At the end of a night as still as any in memory, I awake to the sound of one duck quacking. I slip out of the tent to watch the coming of the light, listen for fish jumping, and scan a volcanic cliff for the face my daughter pointed out the previous evening. To her, it resembled a frowning Cyclops. This morning, his expression is benign and even optimistic.
Breaking camp takes two hours. Then slowly, slowly, I zigzag down the mountain, my boots at the level of the girls’ heads until they pull ahead. Two teenage boys approaching from below stop and greet me. “Been referred to you by your daughter,” one says, pointing down the steep hillside.
“For matches,” the other adds.
Because I once had to ration matches on a trip, I’m carrying an entire box with me. I insist the boys take more than they’ll use during their one remaining night in the backcountry.
“Have you ever started a fire with a bow?” one boy asks.
When I tell them that I have indeed used a bow to start a fire, they are not surprised and ask for details. The mountains are a great leveler. Out there, no one makes assumptions based on age. The boys show me the short, crooked branch they tried to make into a fire bow. “We got smoke,” they share with some pride.
We wish each other well, and they walk on. In the distance, I spot the lake near the trailhead parking lot. I’m going to make it back. But I’m also leaving the mountains for maybe the last time. With a mix of relief, regret, and elation, I lengthen my poles, plant them ahead of me, and proceed downhill.
It may be the hardest thing I’ve ever done too. Given this, my love of the high Sierra is difficult to explain to someone who doesn’t hear the mountains calling—my beach-loving husband, for example. To get here requires planning, work, and effort. Breathing is difficult at high altitudes, and everything takes longer. The ground is uncomfortable, and there are no level surfaces.
Laura and Mia are accustomed to arriving at our meet-up spots up to an hour before me. “You rock,” Laura shouts as I approach the car. Mia tells me they’d arrived only ten minutes earlier.
“My dogs are barking,” I say.
They look at me puzzled, so I translate. “This means my feet hurt.”
Shoving my pack into the back of the car, I tell them they are the queens of the mountains. “You never complained no matter how difficult the trail, how long the day, or how tired or uncomfortable you were.”
“If we are the queens,” Mia says, “then you are the empress.”
Laura bows. I shrug off the compliment and attempt to tell them how much their request to take them backpacking meant to me, how honored I am, how flattered. I consider apologizing for the hardships of a trail I thought would be easier, and telling them how relieved I am to be safely back. Instead, I slide into the driver’s seat and point the car in the direction of our favorite east side deli. It feels odd not to be walking.
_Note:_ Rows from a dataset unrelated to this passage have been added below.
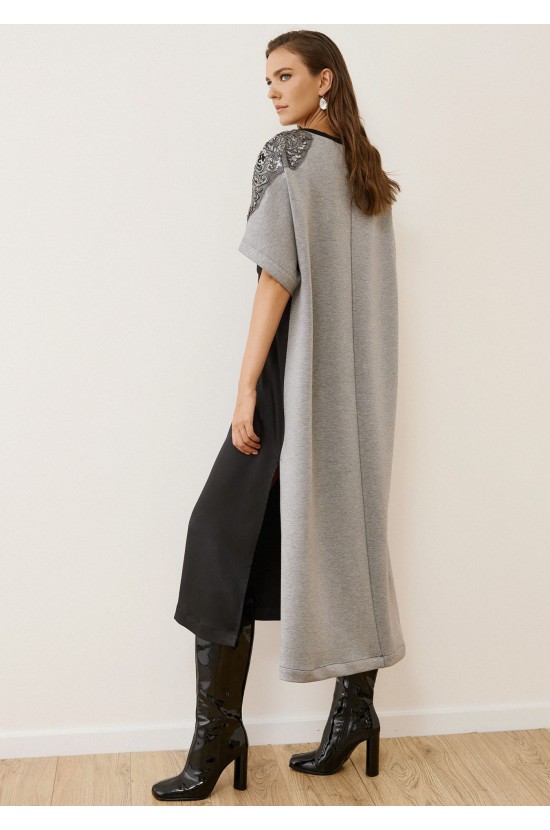 Midi Colorblock Dress with Embroidered Details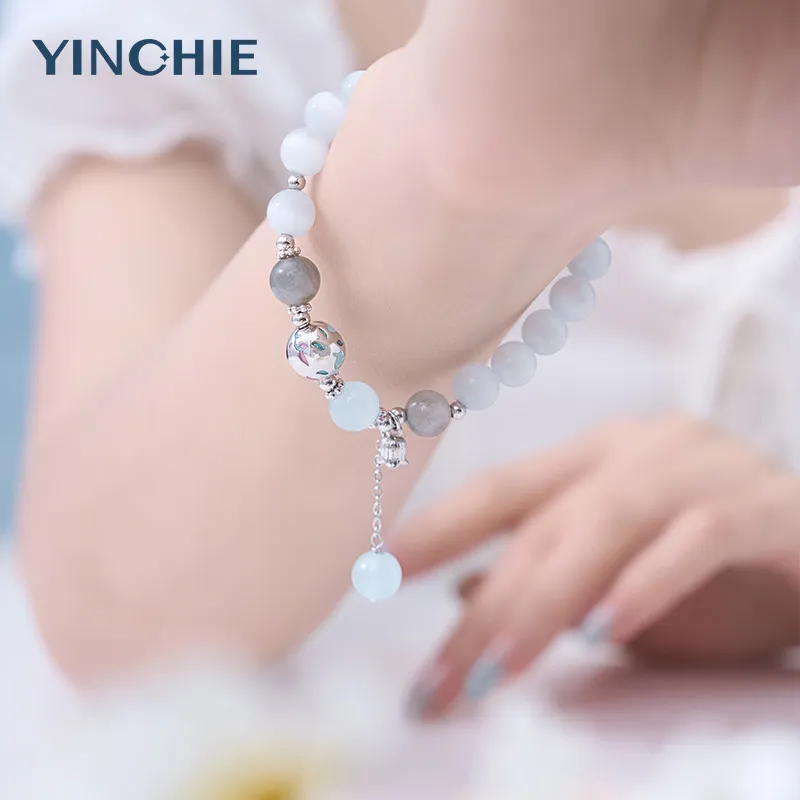 YINCHIE Glass Cat Eye Bracelets Women's-5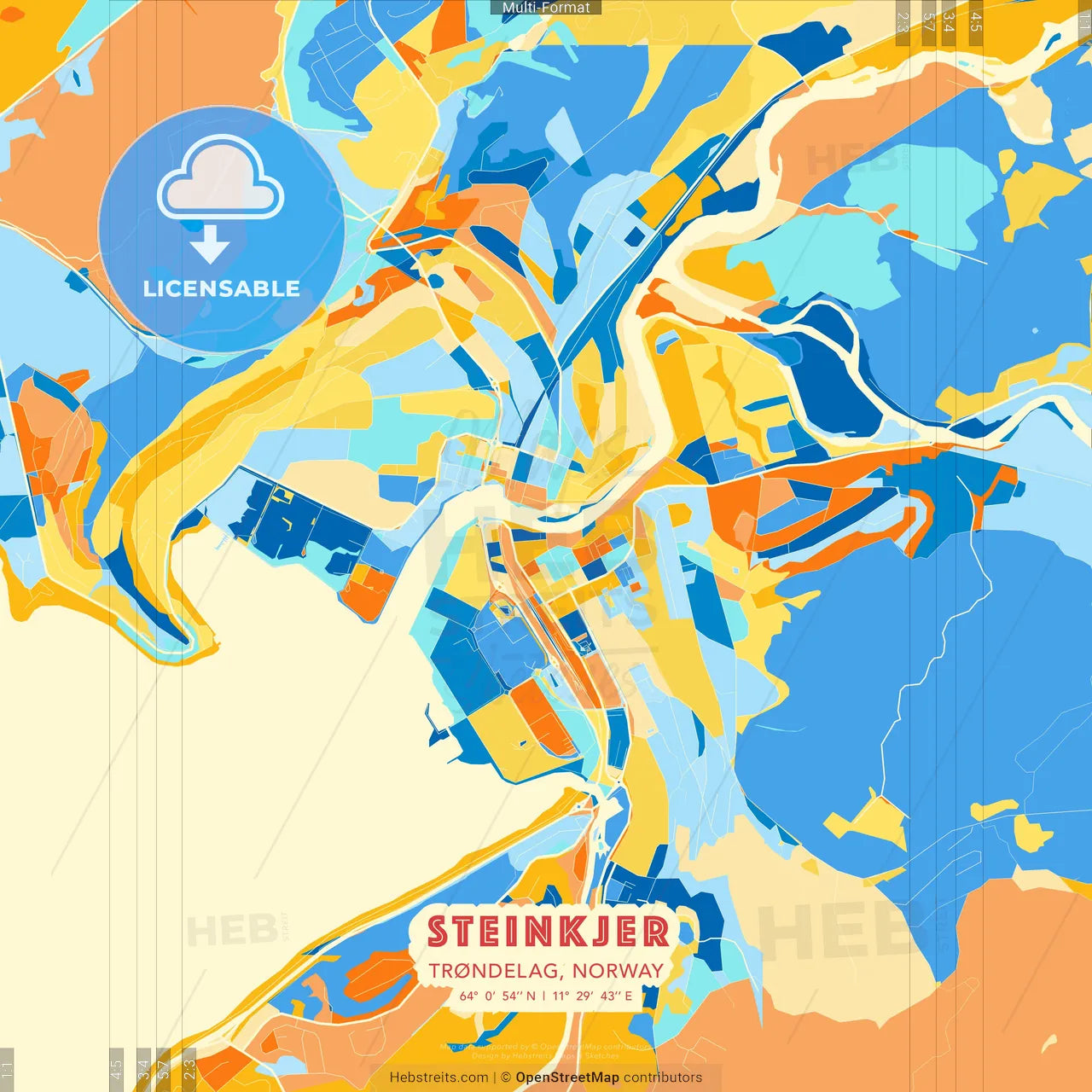 Steinkjer, Trøndelag, Norway blue and orange vector art map template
The girls are silent on the drive. Are they retracing the kickass ascent to Agnew Lake or recalling an image of glittering Thousand Island Lake? Taking them to the High Sierra is part of my legacy, a direct deposit to their memory banks. But I don’t control what they’ll take away from the experience. Will they be drawn to the mountains again and again, or settle for the memories of our two trips together and never take another?
For the moment, we’ll toast our safe return with pink lemonade, and I’ll content myself with daydreams of my next summer in the Sierra.
Congratulations on your book. I'm already looking forward to my trip to the high mountains this coming summer.
Oh, how I love this. I could smell the high country resins and feel the trickles of sweat down my neck, the balance-defying weight of a pack on my back. I almost cried while reading the final few paragraphs, the sweet sorrow of someday losing physical access to high mountain beauty so lovingly described. Brava!